Инкубаторы?! Надо помочь парнишке! Выручить из беды! – вспыхивают татуировки, усиленные шаманами «Белого Ульгена». Вещи – комбинезон, шлем, трубка с кисетом – догоняют Ника Юсуповича в воздухе.
Позади – звон разбитого стекла.
Внизу – полста этажей и асфальт.
31. ГРАФФИТИ
Пока автопилот «фиата-уно» пробирается сквозь джунгли светофоров по тропам проезжей части, оба-сан и доктор Джино беседуют о том, о сём. О непомерно возросших ценах на нефть и опий-сырец, о ресторанчиках Чужих в центре Вавилона и пандемии неоСПИДа в Юго-Восточной Азии, о бальзамировании фараонов гудроном и кассией и вкусовых качествах филе карликового кенгуру с шампиньонами под ананасовым соусом. Джино переводит разговор на тему сербского террора и предстоящих выборах мэра. Кицунэ-годзэн политикой не интересуется, она спрашивает мнение Джино о новинках калифорнийских нанооружейных заводов. В общем, о том, о сём они беседуют, наслаждаются общением и пониманием, довольны друг другом, им так хочется, чтобы дорога не кончалась, чтоб разговор длился вечно.
У них взаимная симпатия.
Госпожа Хэйэкэ нервничает, когда мимо «фиата» грохочут траками полицейские «Те-Ке». Госпожа Хэйкэ переживает за Юрико и надеется, что доктору незаметны её волнения.
И Кицунэ-годзэн, и Джино одновременно замечают незамысловатое граффити, испачкавшее рифмованной текстовкой торец старинной девятиэтажки. Чуть ниже узора – бронзовая табличка «Памятник архитектуры. Охраняется законом».

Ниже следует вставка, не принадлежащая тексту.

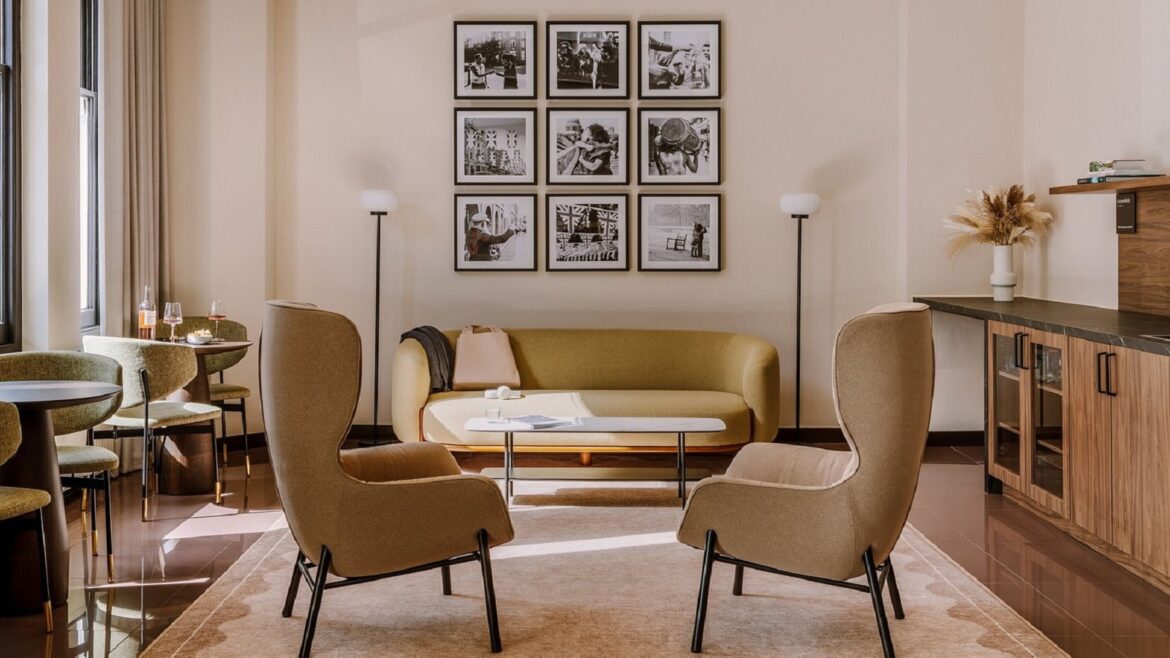 seating and lounge area in bob-w-london-kensington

Джино даже цитирует вслух:
- "Встану сталью – красно-оргазмной
- Пальмой встану – цельно-печальной
- А ты в платьице звёздно-венечном
- Расцелуешь мою оконечность"
Кицунэ-годзэн смеётся. А потом…
…страсть накатывает внезапно, мощно, перекрывая дыхание – госпожа Хэйэкэ только и успевает, что моргнуть линзами: проверяет – а не зло ли это? а не красного ли цвета её ощущения?
Магия?
Да, пожалуй. Но хорошая, тёплая. Добрая.
И любовь.
И нет сил сдерживаться. Очень своевременно темнеют стёкла «фиата». Госпожа Хэйкэ целует доктора Джино в губы. Доктор Джино – настоящий мачо, племенной жеребец, обладатель нефритового стебля и тысяч добродетелей. Госпожа Хэйэкэ ласкает героя-любовника, его мускулистое тело, его… – ага, те самые органы. Она!!..
Как в юности, как много лет назад, как миллион лет назад, как…
Сидения так легко падают, фиксируясь в горизонтальном положении. Ритм. Ритм. Ритм. Влажно там, где засуха, казалось, уничтожила последние родники сотню лет назад, миллион лет назад.